# Your instructions:
Set the listing down exactly; no pictures.

# Information provided:
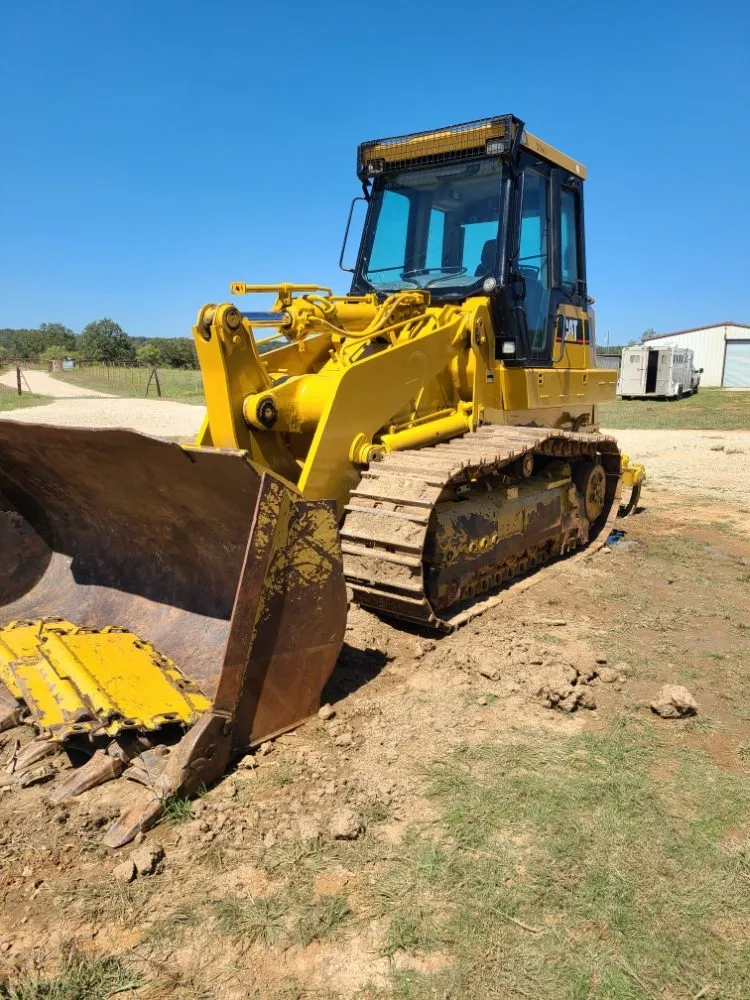 Expert lawn mowing service experts serving Tolar, TX - Clean Cuts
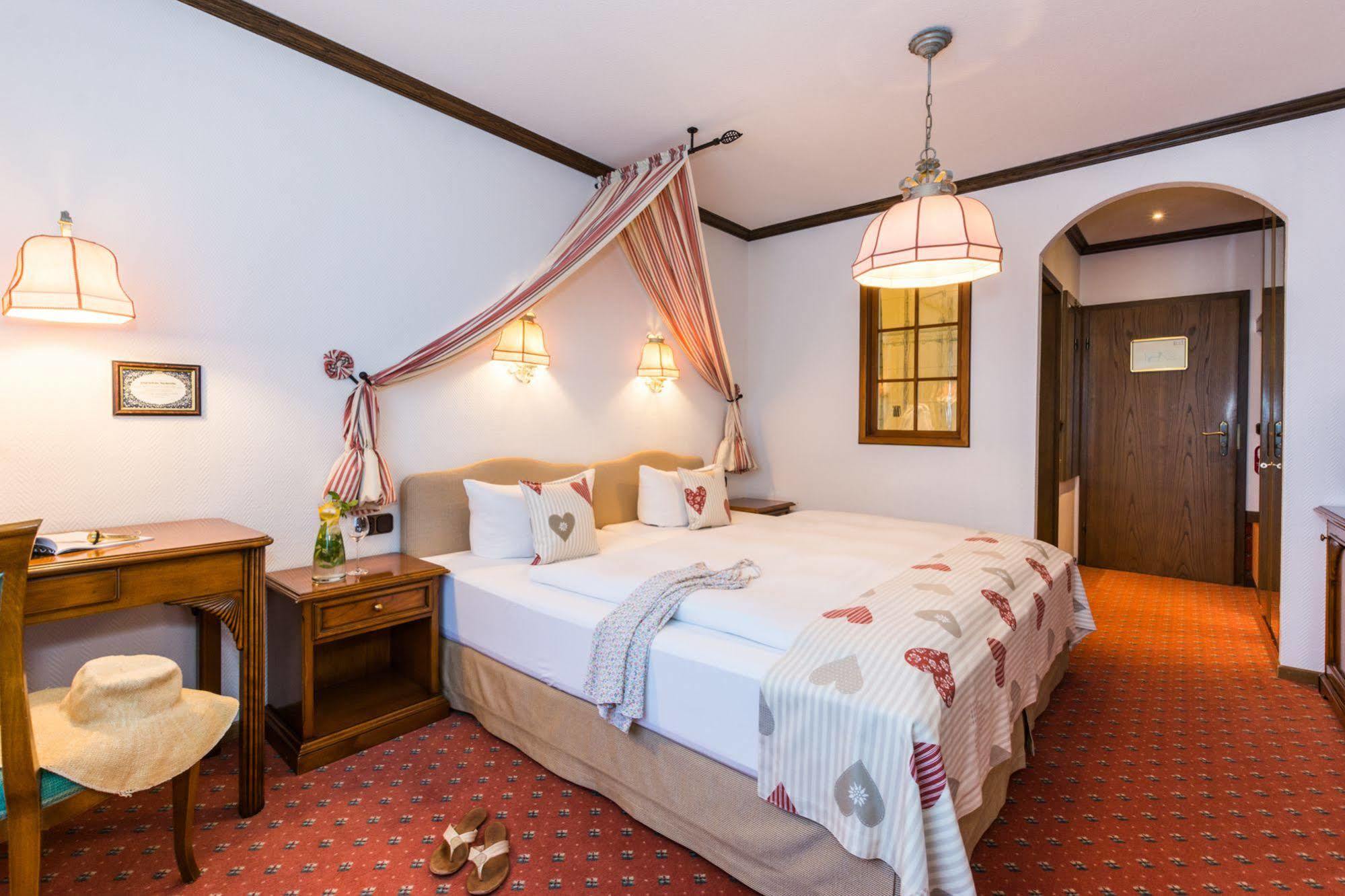 Lohmann'S Romantik Hotel Gravenberg Langenfeld  Dış mekan fotoğraf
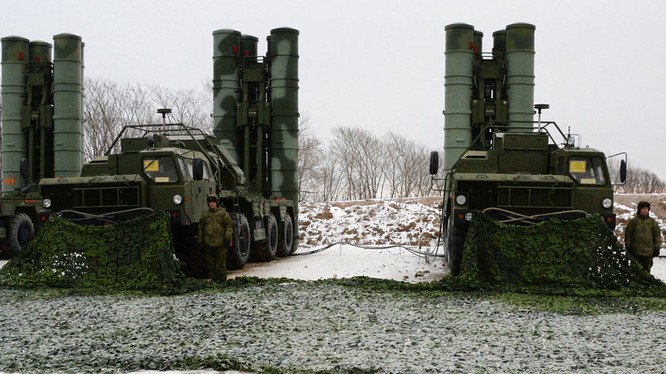 Tổ hợp tên lửa phòng không tầm xa S-500 đang phát triển. Ảnh minh họa: Russian Gazeta.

# Answer space:
 Expert lawn mowing service experts serving Tolar, TX - Clean Cuts
 Lohmann'S Romantik Hotel Gravenberg Langenfeld  Dış mekan fotoğraf
 Tổ hợp tên lửa phòng không tầm xa S-500 đang phát triển. Ảnh minh họa: Russian Gazeta.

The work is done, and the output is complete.